Zaw Myo Latt is the eldest son in a family of seven and has taken over the farm work so his parents can do other jobs, because they can no longer survive on farming alone.
“My father works as a broker at a cattle market. My two younger brothers are government employees earning a [monthly] salary of K200,000 each,” he said, roughly US$95 at the official exchange rate.
His experience mirrors that of many rice farmers across Myanmar, as increased costs of fertiliser and mechanisation over the past two years outstrip rising market prices for rice.

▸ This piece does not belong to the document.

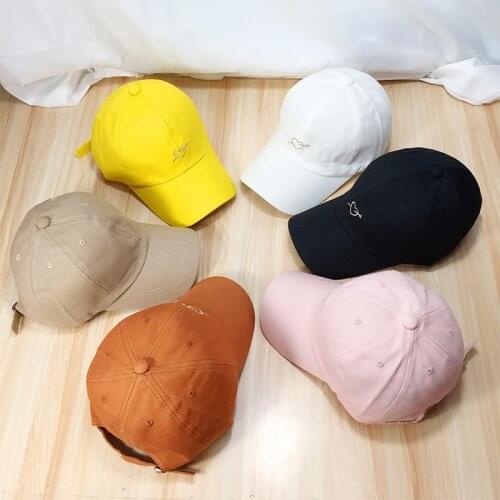 Unisex Baseball Cap Love Embroidered Couple Baseball Caps Pure Color Fashion Spring And Summer Outdoor Sports Shade Cap TG0037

Some 70 percent of Myanmar’s population depends on income from agriculture and most farmers are smallholders.
Monsoon paddy prices this year ranged from K1.2 million to K1.5 million per 100 baskets, depending on the variety, up from K800,000 last year.
“The price is higher… Last year the profit for farmers on one acre of rice would be just over K100,000,” said U Aye Swe, who has seven acres of land in Pyawbwe Township in Mandalay Region. “This year I think it will be around K400,000. But even that would not be a comfortable and attractive profit for farmers.”
Farmers interviewed by Frontier complained that a sack of chemical fertiliser rose to over K100,000 ahead of this year’s monsoon paddy from K80,000 last year, while the cost of hiring a mechanical harvester jumped to K90,000 an acre from K70,000.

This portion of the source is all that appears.